#### REQUIRED WORK
Copy exactly the lines from the one containing "Ekouaer Robe for" through the last line of the records below, both included, and leave out the pictures.

#### SUPPLIED MATERIAL
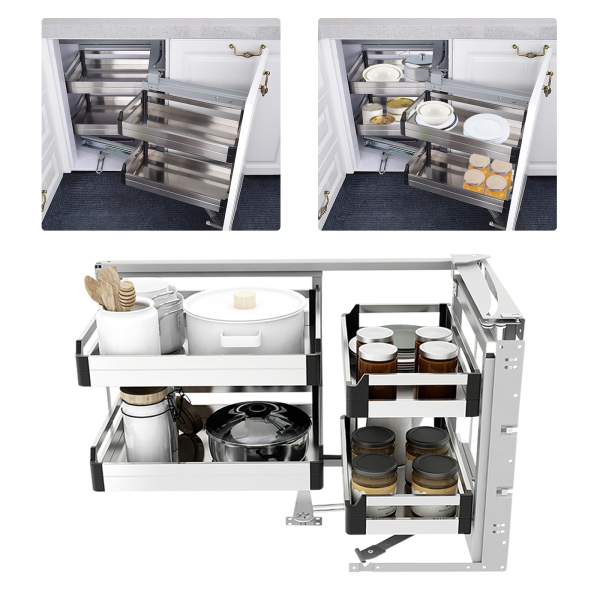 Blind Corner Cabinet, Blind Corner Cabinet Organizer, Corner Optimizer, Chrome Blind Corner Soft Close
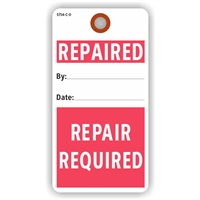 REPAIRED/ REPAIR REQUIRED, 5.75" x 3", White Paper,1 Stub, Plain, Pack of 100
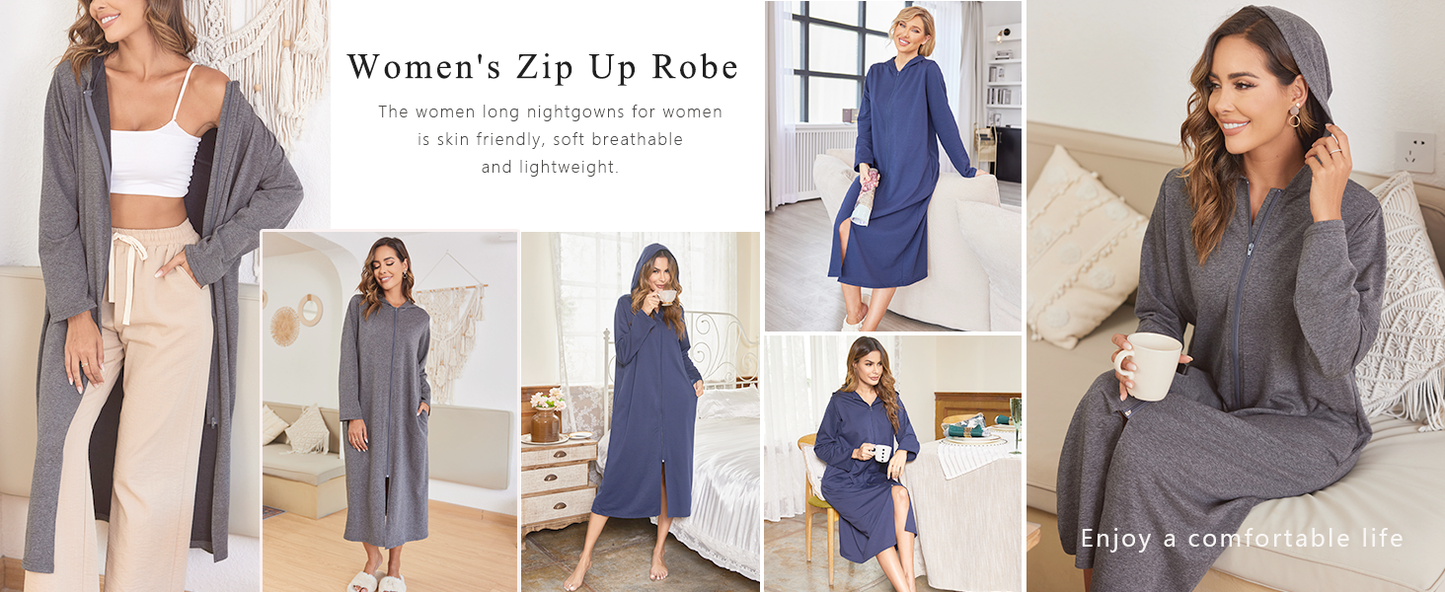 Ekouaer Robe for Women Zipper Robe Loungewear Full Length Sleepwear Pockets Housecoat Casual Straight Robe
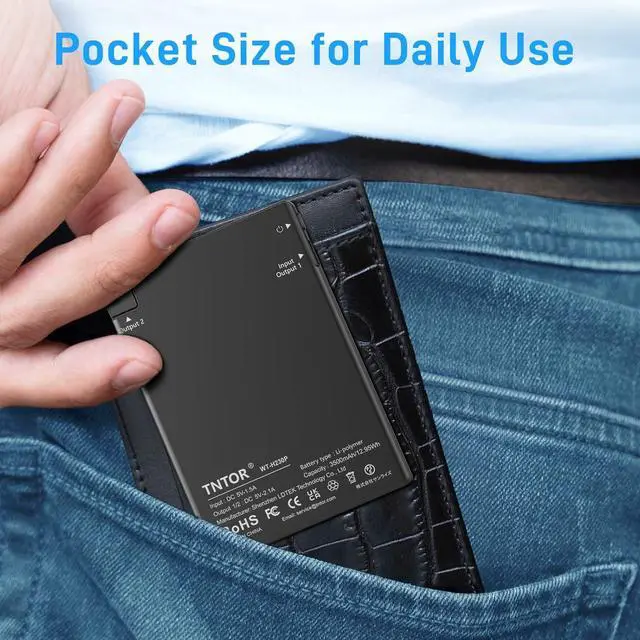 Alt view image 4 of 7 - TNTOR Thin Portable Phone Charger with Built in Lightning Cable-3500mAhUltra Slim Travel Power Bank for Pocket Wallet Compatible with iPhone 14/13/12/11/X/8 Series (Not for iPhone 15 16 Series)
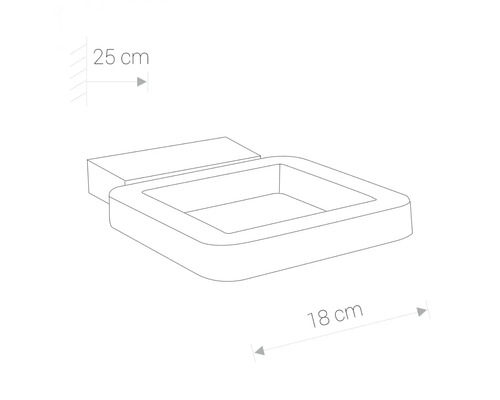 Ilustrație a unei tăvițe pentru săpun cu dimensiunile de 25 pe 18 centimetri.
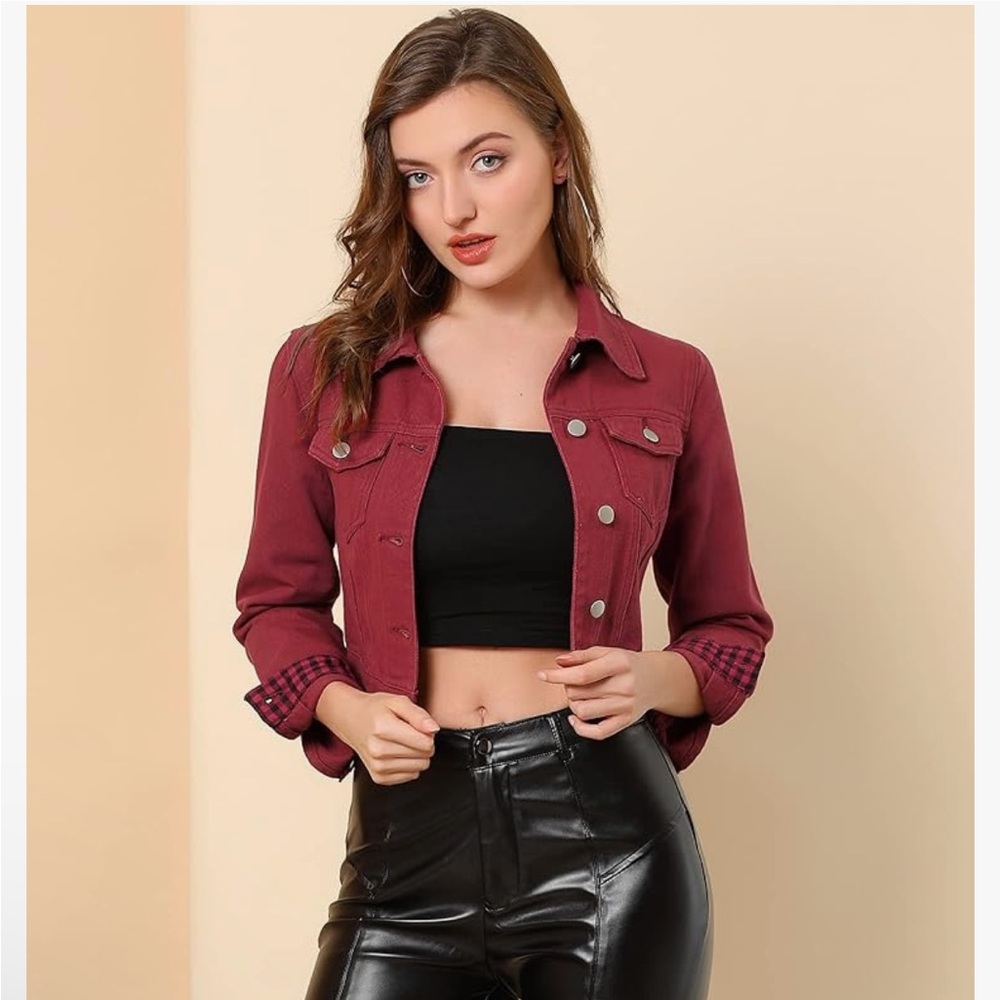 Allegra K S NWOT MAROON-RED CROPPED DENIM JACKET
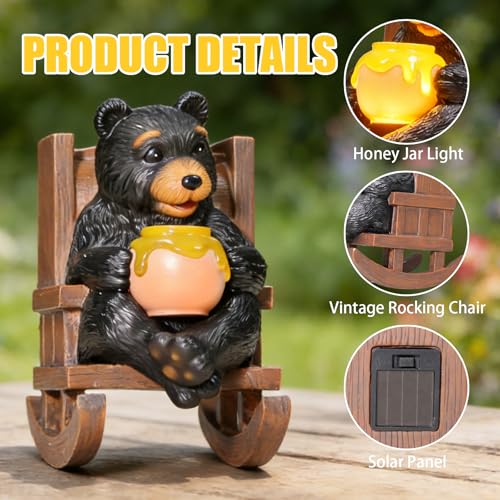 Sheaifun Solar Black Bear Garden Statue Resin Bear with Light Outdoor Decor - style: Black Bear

#### SOLUTION FOR THIS EXERCISE
 Ekouaer Robe for Women Zipper Robe Loungewear Full Length Sleepwear Pockets Housecoat Casual Straight Robe
 Alt view image 4 of 7 - TNTOR Thin Portable Phone Charger with Built in Lightning Cable-3500mAhUltra Slim Travel Power Bank for Pocket Wallet Compatible with iPhone 14/13/12/11/X/8 Series (Not for iPhone 15 16 Series)
 Ilustrație a unei tăvițe pentru săpun cu dimensiunile de 25 pe 18 centimetri.
 Allegra K S NWOT MAROON-RED CROPPED DENIM JACKET
 Sheaifun Solar Black Bear Garden Statue Resin Bear with Light Outdoor Decor - style: Black Bear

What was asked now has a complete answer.